── EXTRACTED INFORMATION

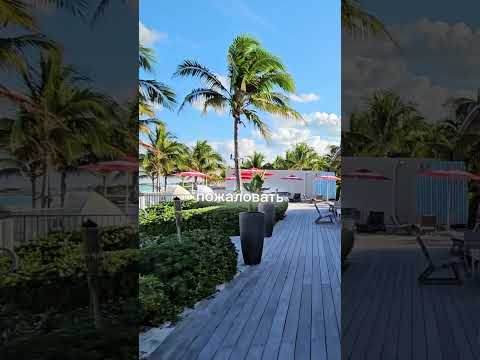 Бюджетные места для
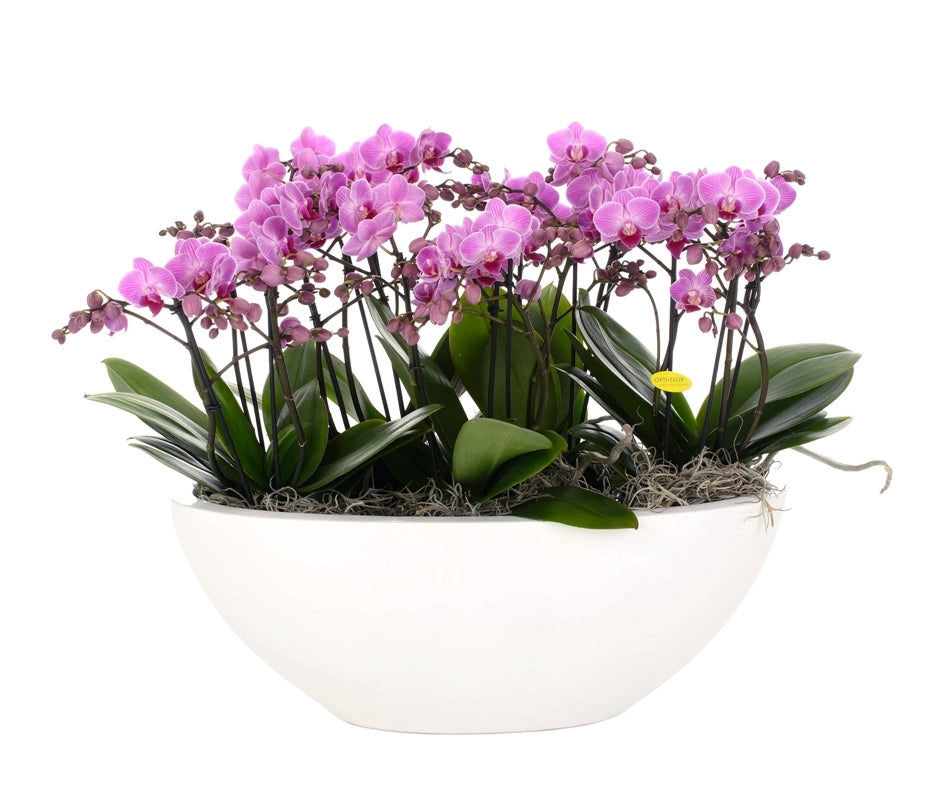 Phalaenopsis -Arrangement rosa im Maßstab glänzend ovaal
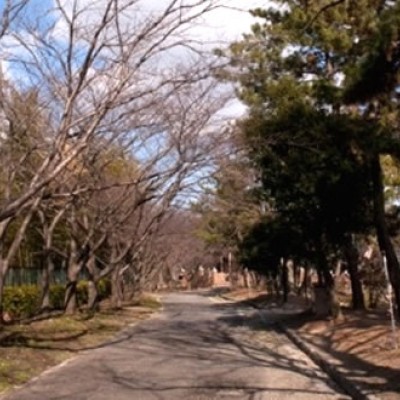 自然いっぱいの広大な公園。服部緑地コース（豊中市）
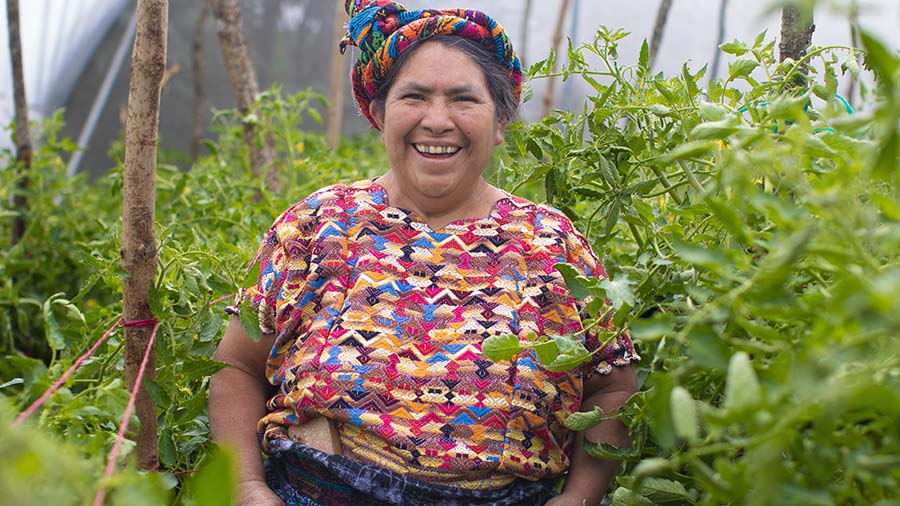A woman in a multi-colored knit shirt and hat smiles at the camera while standing in a field of plants. 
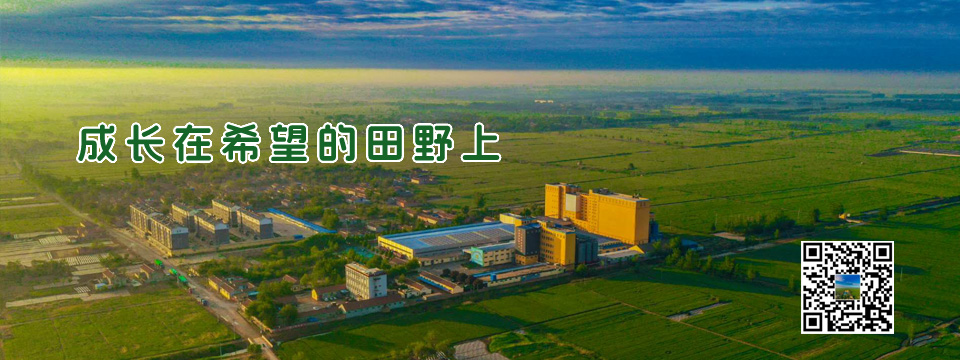 和興面粉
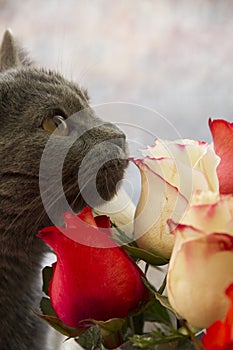 Gray cute cat smelling roses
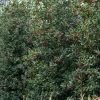 Amerikaanse Hulst (Ilex 'Nellie R Stevens')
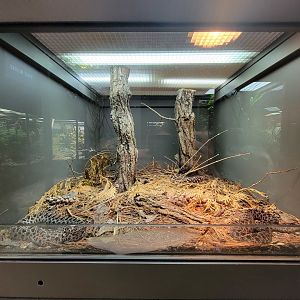 Toledo, Promedica Museum - Venomous Snakes, Pygmy rattlesnake, Sistrurus miliarius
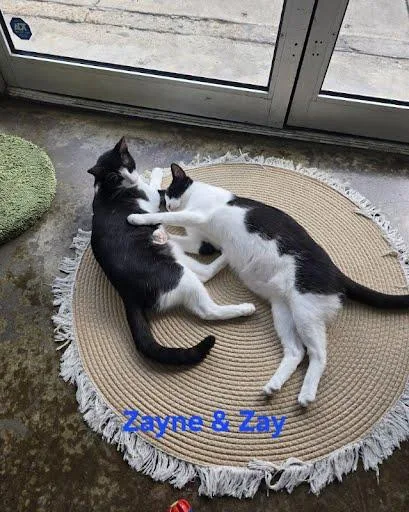 Zay thumbnail 3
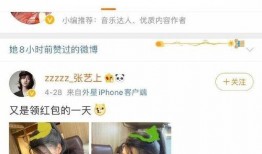 大蓝助理爆料视频大全,揭秘娱乐圈幕后真相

────

▶ **WORK TO COMPLETE**
With pictures omitted, copy exactly the lines from the one containing "Toledo, Promedica Museum" through the final line of the listing, both included.

▶ **RESULT OF THE EXERCISE**
 Toledo, Promedica Museum - Venomous Snakes, Pygmy rattlesnake, Sistrurus miliarius
 Zay thumbnail 3
 大蓝助理爆料视频大全,揭秘娱乐圈幕后真相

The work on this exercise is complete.